In the records below, reproduce exactly the lines from the one containing "Hi, this is" through the one containing "A good thing", both included, and omit the pictures.

━━━━━ Exercise materials

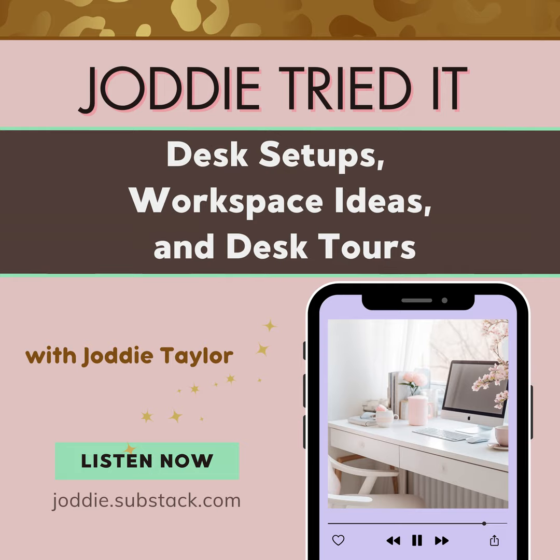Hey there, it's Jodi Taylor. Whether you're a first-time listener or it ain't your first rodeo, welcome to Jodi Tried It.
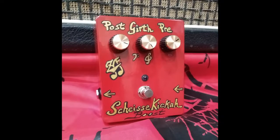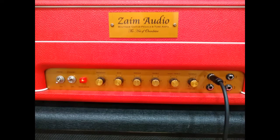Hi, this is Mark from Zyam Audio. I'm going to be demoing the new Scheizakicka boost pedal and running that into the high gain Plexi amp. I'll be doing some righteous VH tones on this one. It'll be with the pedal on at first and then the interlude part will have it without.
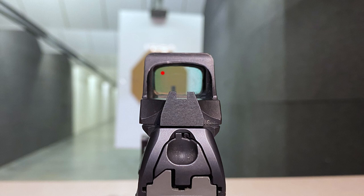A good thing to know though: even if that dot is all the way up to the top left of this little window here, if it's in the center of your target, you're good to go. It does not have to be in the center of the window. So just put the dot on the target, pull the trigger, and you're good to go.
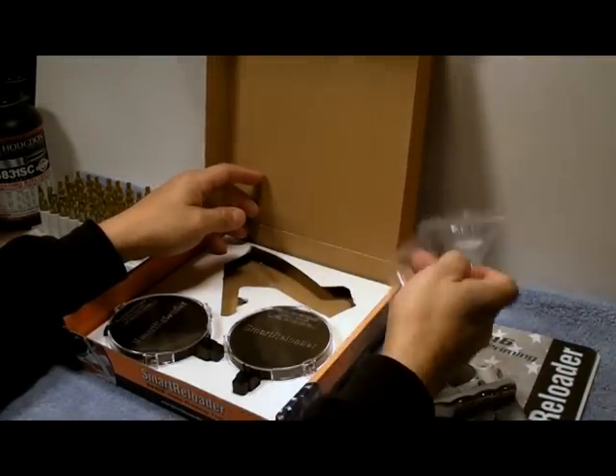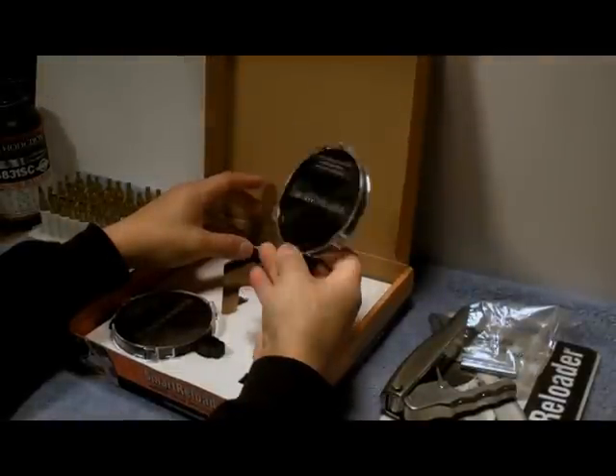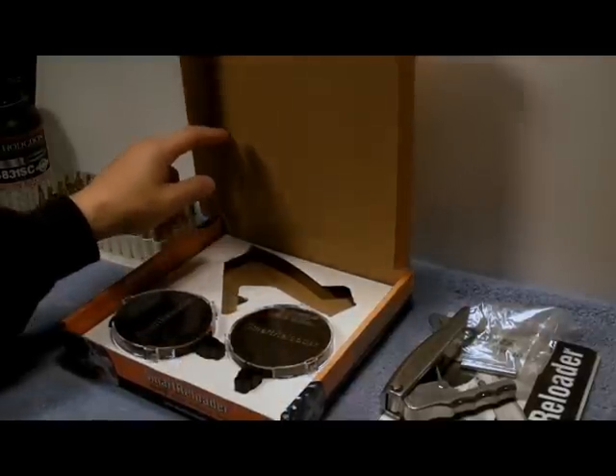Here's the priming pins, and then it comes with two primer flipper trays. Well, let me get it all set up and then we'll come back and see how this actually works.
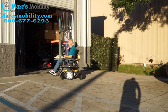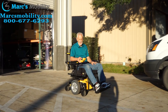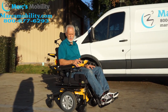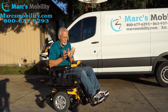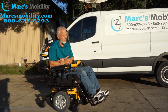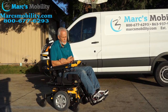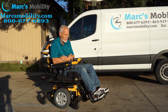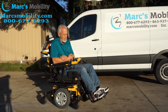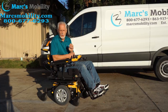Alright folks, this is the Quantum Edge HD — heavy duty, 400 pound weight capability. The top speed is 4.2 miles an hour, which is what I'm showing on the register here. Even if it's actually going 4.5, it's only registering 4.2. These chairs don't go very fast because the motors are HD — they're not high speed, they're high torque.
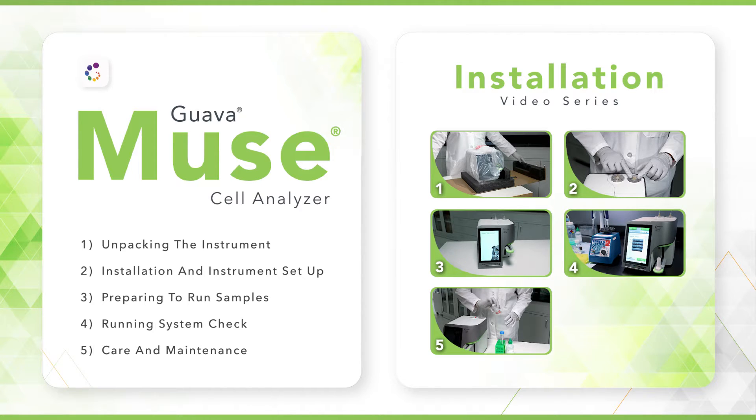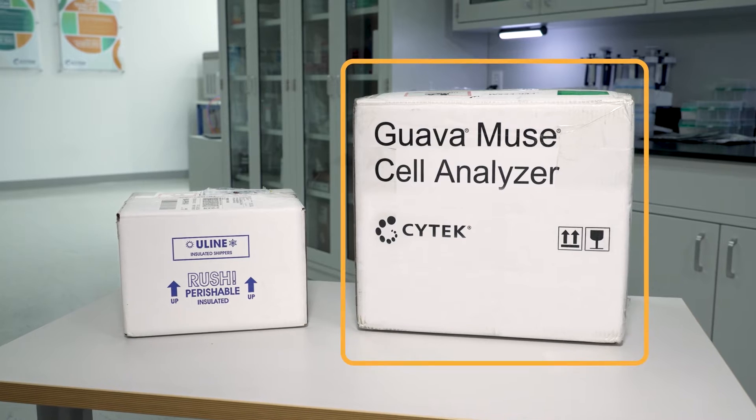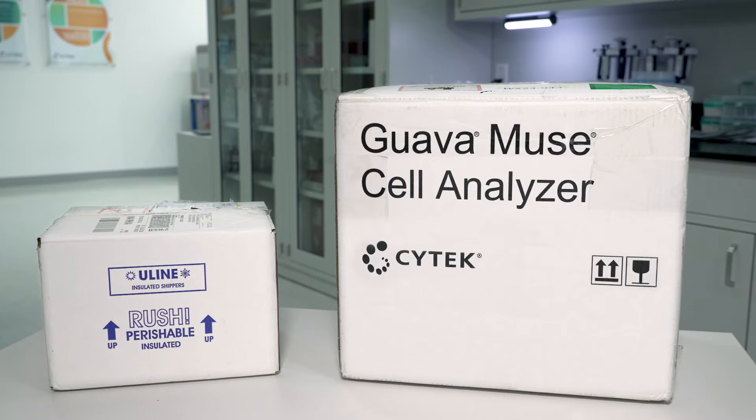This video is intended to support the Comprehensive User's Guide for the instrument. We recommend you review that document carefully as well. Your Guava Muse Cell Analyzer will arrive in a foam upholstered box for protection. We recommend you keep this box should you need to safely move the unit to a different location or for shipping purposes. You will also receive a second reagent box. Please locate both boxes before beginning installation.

━━━━━━━━━━

- [Expected output]:
Hi, this is Mark from Zyam Audio. I'm going to be demoing the new Scheizakicka boost pedal and running that into the high gain Plexi amp. I'll be doing some righteous VH tones on this one. It'll be with the pedal on at first and then the interlude part will have it without.
A good thing to know though: even if that dot is all the way up to the top left of this little window here, if it's in the center of your target, you're good to go. It does not have to be in the center of the window. So just put the dot on the target, pull the trigger, and you're good to go.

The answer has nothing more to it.